After reading the entries below, copy word for word the lines from the first through the line containing "Foto van 1 tweepersoonsbed", and stop there.

········

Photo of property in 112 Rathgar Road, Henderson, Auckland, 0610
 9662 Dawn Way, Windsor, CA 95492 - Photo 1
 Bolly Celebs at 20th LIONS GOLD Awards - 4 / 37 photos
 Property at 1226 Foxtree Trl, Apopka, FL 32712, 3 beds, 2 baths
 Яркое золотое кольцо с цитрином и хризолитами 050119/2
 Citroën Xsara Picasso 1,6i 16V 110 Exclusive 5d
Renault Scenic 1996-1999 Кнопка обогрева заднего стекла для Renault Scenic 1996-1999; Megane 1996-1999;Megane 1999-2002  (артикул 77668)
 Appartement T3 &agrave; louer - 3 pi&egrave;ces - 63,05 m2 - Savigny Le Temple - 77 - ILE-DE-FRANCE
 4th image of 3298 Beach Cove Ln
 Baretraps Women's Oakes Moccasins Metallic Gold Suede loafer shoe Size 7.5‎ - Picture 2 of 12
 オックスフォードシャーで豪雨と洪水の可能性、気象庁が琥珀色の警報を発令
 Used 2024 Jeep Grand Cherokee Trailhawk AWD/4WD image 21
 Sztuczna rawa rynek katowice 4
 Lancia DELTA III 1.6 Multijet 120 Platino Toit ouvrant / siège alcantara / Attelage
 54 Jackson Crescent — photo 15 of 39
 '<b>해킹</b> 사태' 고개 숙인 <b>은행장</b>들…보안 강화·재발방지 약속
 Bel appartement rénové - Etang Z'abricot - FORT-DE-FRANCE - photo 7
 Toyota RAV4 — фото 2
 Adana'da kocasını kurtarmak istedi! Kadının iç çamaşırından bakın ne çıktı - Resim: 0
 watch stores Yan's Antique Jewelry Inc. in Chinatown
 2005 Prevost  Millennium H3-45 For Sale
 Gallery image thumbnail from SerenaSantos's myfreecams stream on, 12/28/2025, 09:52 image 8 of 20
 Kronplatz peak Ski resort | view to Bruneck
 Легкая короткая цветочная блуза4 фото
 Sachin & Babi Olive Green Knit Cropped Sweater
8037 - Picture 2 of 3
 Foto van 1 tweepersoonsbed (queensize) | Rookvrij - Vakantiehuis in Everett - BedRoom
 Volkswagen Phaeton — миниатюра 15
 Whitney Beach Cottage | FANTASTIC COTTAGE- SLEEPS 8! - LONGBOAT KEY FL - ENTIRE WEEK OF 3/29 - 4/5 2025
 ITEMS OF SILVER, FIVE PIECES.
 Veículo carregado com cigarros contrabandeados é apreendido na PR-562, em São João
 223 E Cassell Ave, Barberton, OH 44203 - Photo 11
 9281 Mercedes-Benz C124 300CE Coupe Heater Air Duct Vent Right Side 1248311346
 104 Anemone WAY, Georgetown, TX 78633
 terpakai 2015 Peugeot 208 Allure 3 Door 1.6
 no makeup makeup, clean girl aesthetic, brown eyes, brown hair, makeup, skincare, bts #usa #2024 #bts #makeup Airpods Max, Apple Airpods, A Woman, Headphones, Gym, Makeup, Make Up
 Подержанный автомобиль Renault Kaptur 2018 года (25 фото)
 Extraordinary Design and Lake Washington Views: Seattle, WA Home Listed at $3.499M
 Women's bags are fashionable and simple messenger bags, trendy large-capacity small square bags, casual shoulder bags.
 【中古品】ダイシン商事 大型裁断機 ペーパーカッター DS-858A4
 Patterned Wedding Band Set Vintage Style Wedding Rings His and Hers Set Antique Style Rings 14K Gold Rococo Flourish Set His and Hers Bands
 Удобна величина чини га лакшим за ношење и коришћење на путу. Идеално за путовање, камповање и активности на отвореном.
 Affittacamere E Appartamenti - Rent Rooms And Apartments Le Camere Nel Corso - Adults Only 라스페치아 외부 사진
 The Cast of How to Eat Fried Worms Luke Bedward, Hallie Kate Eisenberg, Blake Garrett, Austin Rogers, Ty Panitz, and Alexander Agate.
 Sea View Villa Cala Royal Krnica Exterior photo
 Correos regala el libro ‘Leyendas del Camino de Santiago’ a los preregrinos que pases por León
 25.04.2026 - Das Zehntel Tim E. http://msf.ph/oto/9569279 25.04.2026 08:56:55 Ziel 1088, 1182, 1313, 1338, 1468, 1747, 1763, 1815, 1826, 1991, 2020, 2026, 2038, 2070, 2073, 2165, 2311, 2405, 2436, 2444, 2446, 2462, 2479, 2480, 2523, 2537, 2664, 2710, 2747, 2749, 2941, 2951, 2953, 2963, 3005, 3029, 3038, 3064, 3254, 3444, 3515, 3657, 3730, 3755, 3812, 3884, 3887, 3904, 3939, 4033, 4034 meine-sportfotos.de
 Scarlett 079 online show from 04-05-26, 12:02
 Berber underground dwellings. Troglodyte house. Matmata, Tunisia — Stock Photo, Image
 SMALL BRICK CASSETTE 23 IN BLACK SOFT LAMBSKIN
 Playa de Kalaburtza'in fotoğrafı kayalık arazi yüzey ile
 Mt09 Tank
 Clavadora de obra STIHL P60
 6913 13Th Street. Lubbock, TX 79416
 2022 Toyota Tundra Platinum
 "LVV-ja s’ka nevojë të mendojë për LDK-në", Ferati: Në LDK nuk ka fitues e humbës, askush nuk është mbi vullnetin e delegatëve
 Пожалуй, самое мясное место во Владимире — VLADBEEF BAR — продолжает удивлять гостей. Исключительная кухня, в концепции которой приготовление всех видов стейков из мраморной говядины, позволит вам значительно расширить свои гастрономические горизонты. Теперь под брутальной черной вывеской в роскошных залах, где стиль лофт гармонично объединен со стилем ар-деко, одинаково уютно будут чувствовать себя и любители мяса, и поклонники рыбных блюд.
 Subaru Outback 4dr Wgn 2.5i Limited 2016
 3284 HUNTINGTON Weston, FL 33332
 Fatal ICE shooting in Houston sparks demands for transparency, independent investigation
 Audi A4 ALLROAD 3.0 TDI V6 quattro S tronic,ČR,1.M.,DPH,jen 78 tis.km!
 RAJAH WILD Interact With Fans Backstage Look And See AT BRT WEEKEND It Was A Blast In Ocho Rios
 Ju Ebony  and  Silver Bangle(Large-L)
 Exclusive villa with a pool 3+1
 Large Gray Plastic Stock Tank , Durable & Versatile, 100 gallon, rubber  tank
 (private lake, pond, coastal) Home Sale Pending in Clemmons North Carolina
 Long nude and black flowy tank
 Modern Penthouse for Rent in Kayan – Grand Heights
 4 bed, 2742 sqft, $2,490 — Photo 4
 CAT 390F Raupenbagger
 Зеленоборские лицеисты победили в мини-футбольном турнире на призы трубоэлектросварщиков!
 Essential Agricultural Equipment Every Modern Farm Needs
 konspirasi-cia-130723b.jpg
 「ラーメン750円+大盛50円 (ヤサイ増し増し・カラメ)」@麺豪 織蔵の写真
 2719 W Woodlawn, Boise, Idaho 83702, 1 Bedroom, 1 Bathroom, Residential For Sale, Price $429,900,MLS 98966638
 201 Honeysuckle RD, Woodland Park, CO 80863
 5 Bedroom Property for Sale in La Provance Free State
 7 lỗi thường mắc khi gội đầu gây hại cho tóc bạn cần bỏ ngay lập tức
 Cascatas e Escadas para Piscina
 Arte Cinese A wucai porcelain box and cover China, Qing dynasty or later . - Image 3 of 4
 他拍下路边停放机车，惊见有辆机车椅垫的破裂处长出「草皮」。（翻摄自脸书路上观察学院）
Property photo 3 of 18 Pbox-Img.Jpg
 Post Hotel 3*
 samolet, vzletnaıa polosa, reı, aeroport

········

- [Answer to this problem]:
Photo of property in 112 Rathgar Road, Henderson, Auckland, 0610
 9662 Dawn Way, Windsor, CA 95492 - Photo 1
 Bolly Celebs at 20th LIONS GOLD Awards - 4 / 37 photos
 Property at 1226 Foxtree Trl, Apopka, FL 32712, 3 beds, 2 baths
 Яркое золотое кольцо с цитрином и хризолитами 050119/2
 Citroën Xsara Picasso 1,6i 16V 110 Exclusive 5d
Renault Scenic 1996-1999 Кнопка обогрева заднего стекла для Renault Scenic 1996-1999; Megane 1996-1999;Megane 1999-2002  (артикул 77668)
 Appartement T3 &agrave; louer - 3 pi&egrave;ces - 63,05 m2 - Savigny Le Temple - 77 - ILE-DE-FRANCE
 4th image of 3298 Beach Cove Ln
 Baretraps Women's Oakes Moccasins Metallic Gold Suede loafer shoe Size 7.5‎ - Picture 2 of 12
 オックスフォードシャーで豪雨と洪水の可能性、気象庁が琥珀色の警報を発令
 Used 2024 Jeep Grand Cherokee Trailhawk AWD/4WD image 21
 Sztuczna rawa rynek katowice 4
 Lancia DELTA III 1.6 Multijet 120 Platino Toit ouvrant / siège alcantara / Attelage
 54 Jackson Crescent — photo 15 of 39
 '<b>해킹</b> 사태' 고개 숙인 <b>은행장</b>들…보안 강화·재발방지 약속
 Bel appartement rénové - Etang Z'abricot - FORT-DE-FRANCE - photo 7
 Toyota RAV4 — фото 2
 Adana'da kocasını kurtarmak istedi! Kadının iç çamaşırından bakın ne çıktı - Resim: 0
 watch stores Yan's Antique Jewelry Inc. in Chinatown
 2005 Prevost  Millennium H3-45 For Sale
 Gallery image thumbnail from SerenaSantos's myfreecams stream on, 12/28/2025, 09:52 image 8 of 20
 Kronplatz peak Ski resort | view to Bruneck
 Легкая короткая цветочная блуза4 фото
 Sachin & Babi Olive Green Knit Cropped Sweater
8037 - Picture 2 of 3
 Foto van 1 tweepersoonsbed (queensize) | Rookvrij - Vakantiehuis in Everett - BedRoom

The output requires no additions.